Os aliados bombardearam Dresden a ponto de criar tornados de fogo; as levas de bombardeiros tinham uma pausa para os inimigos terem tempo de mandar bombeiros, que então seriam atingidos pela próxima leva. A SS treinava soldados para atirar especialmente em médicos inimigos. Em tempos ancestrais, corpos putrefatos eram lançados em mananciais para criar epidemias em cidades inimigas.

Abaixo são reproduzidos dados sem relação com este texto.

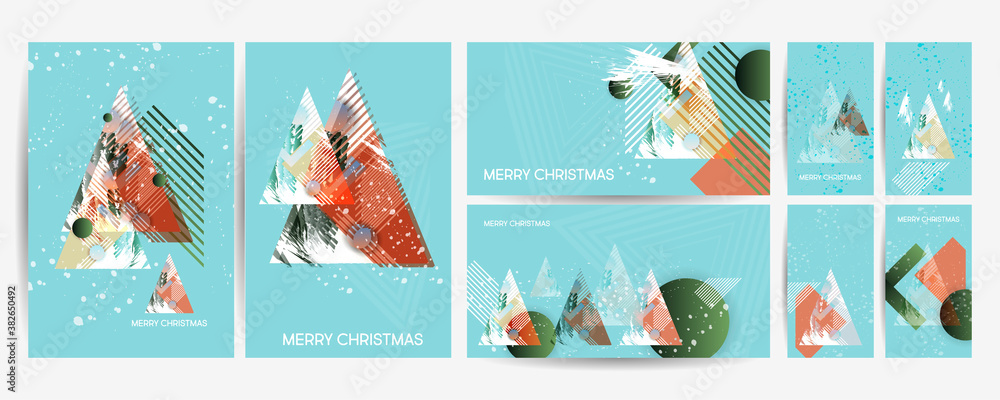 Invitation set White Snow New Year card design with stylized christmas ball and christmas. Vector illustration geometry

Hoje em dia não é mais politicamente correto bombardear uma cidade para destruir uma fábrica. Até um bairro já é demais. Para piorar, a opinião pública está mais implacável do que nunca. Se o Vietnã foi uma gerra perdida politicamente por causa da imprensa, imagine hoje, onde praticamente todo soldado anda com uma GoPro, e o que não faltam são Bradley Mannings e Snowdens e Assanges para botar a boca no trombone.

Por isso é essencial que armas sejam cada vez mais precisas, o que permite que sejam menores. Mesmo os mísseis portáteis às vezes são grandes demais. Uma Toyota com uma .50 e meia-dúzia de caras do talibã, ISIS, Al Qaeda, Hydra ou Cobra cercada de criancinhas, pandinhas ou cachorrinhos se for atingida por um Javelin terminará em uma explosão grande demais.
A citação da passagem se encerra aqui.